A criminal action is the proceeding by which a person charged with a public offense is accused and brought to justice and punishment. A criminal action is prosecuted in the name of the people of the State of California, as a party, against the person charged with the offense.
What Is a Felony?
A felony case is a criminal action in which the defendant is charged with violation of a felony. Misdemeanor or infraction violations may be included. The maximum punishment for a felony may be imprisonment in state prison or county jail, a fine, or both. In some cases, the death penalty may be imposed.
What Is a Misdemeanor?
A misdemeanor case is a criminal action in which the defendant is charged with a misdemeanor and it may include an infraction charge. It does not include any felony violations. The maximum punishment for misdemeanor violations is not more than 6 months, a fine not exceeding $1,000, or both
The arraignment is the first court appearance.
A Judicial Officer informs the defendant/attorney of the following:
- Alleged charges
- Constitutional rights
A copy of the accusatory pleading is provided to the defendant/attorney. The defendant/attorney will enter a plea of:
- Not Guilty - the defendant states he/she did not commit the crime. The case will be set for a future hearing.
- Guilty - the defendant admits that he/she did commit the crime.
- No Contest - the defendant will not contest the charge. The plea has the same effect as a guilty plea except the conviction cannot be used against the defendant in a civil suit.
If the defendant does not appear in court as required, the court may order any, or all of the following actions:
- Forfeiture of bail or bond.
- Issuance of a warrant.
- Suspension of the defendant's drivers license.
- An additional violation alleging a failure to appear. The punishment for this violation can be an additional jail term and/or a fine.
- Impose an additional $100.00 assessment pursuant to Penal Code Section 1214.1.
Misdemeanors, felonies, and warrants all require a mandatory court appearance. Extensions will not be granted. You must appear at the court on the date and time as directed on your release paper or arraignment letter.
WARNING: Failure to appear may result in a warrant for your arrest.
On your court date, check the posted court calendar for your name and the assigned courtroom. If your name is on a calendar, go directly to that courtroom. If not, report to the Criminal Clerk’s Office. Be prepared to provide identification and information on the arrest or alleged offense, including jail release paperwork, notice to appear, bail or bond receipts, or arraignment letter.
If you are currently on probation and need to appear in court you may do so at the court where you appeared for sentencing.
For courtroom appearances, the following rules are enforced:
- Shirt and shoes are required in the courtroom
- Tank tops and T-shirts are NOT allowed in the courtroom
- Food, drinks, and gum chewing are NOT allowed in the courtroom
- Weapons are NOT allowed in the courthouse
- Cell phones must be turned off
The Court provides an Express Service Drop Box in the Room C-10 lobby for those individuals who do not want to wait in line to make a payment. For more information, please see below.
- Cash payments may only be made in person in Room C-10 between the hours of 8:00 a.m. - 12:00 p.m. and 1:00 p.m. - 4:00 p.m., Monday through Friday.

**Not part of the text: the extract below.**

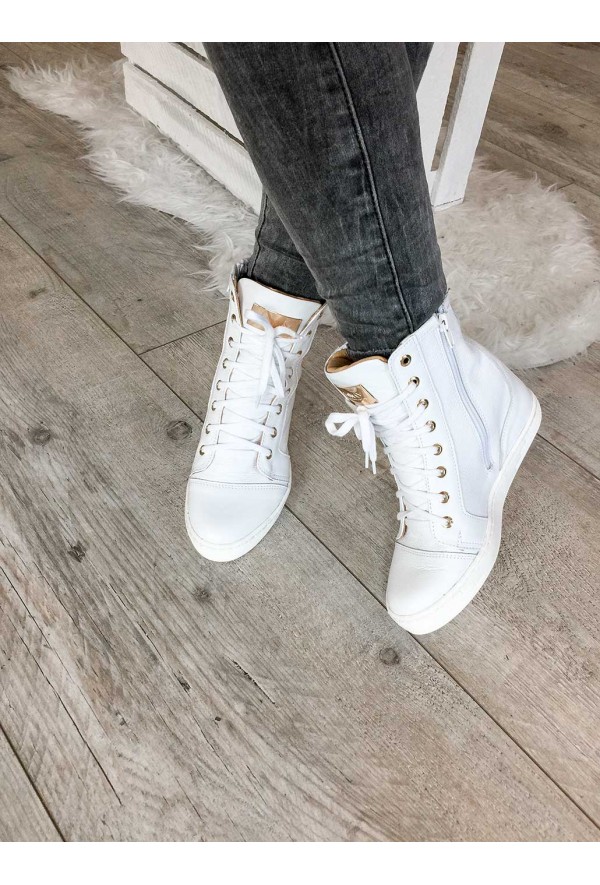 Białe sneakersy Sofia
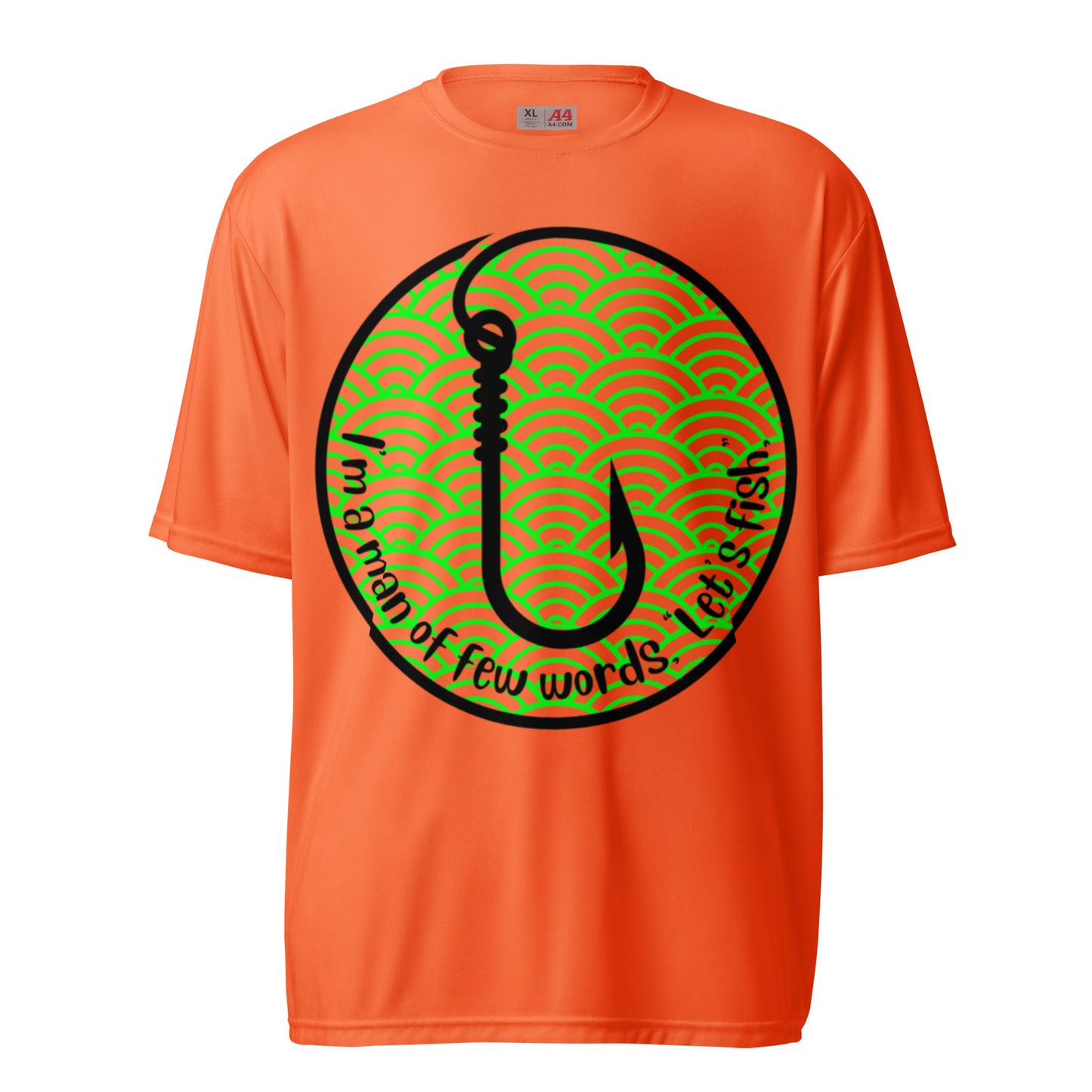 I'm a man Fishing Unisex performance crew neck t-shirt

- Checks, cashier checks, or money orders (payable to Marin County Superior Court) may be sent by mail or paid in person in Room C-10. Please note: When making a payment by mail, individuals must write the case number or defendant's name on the check, cashier check, or money order to ensure it is applied to the correct criminal case.
- A convenience fee will be assessed on all debit, MasterCard, Discover, Visa, and American Express credit card transactions. Credit card payments may be mailed (using the stub provided on the Courtesy Notice), paid in person in Room C-10, or by phone at (415) 444-7070 between the hours of 9:00 am and 2:00 pm, Monday through Friday.
Please note that a payment by personal check will delay the DMV release of a hold on a driver’s license and/or registration for ten (10) calendar days. To ensure that the hold on a driver's license and/or registration is released within 24 hours, individuals must pay by cash, cashier check, money order, or credit or debit card.
If the defendant wants to be represented by an attorney, but cannot afford one, a request may be made for a court appointed attorney. If the court determines the defendant meets the qualifications, an attorney will be appointed.
When the court appoints a public defender (external site ), or other counsel, a determination may be made of the defendant's ability to pay fees for services. If the court determines the defendant has the ability to pay, an order will be made to pay all or part of the costs. Such an order has the same force and effect as a civil judgment.
An expungement allows you to reopen your criminal case, set aside the conviction and dismiss the case. As a result, your criminal record will no longer show the conviction. However the expungement will continue to appear on your record. It is important to note that the expungement does not clear from your record the fact that you were arrested or that charges were filed. The conviction can still be used against you in future criminal proceedings and by the DMV for purposes of suspending or restricting your license. A successful expungement does not relieve you of any prohibition on the ownership or possession of firearms resulting from the conviction. The Petition for Dismissal (form CR-180) and Order for Dismissal (form CR-181) are available on the Judicial Council website by clicking here.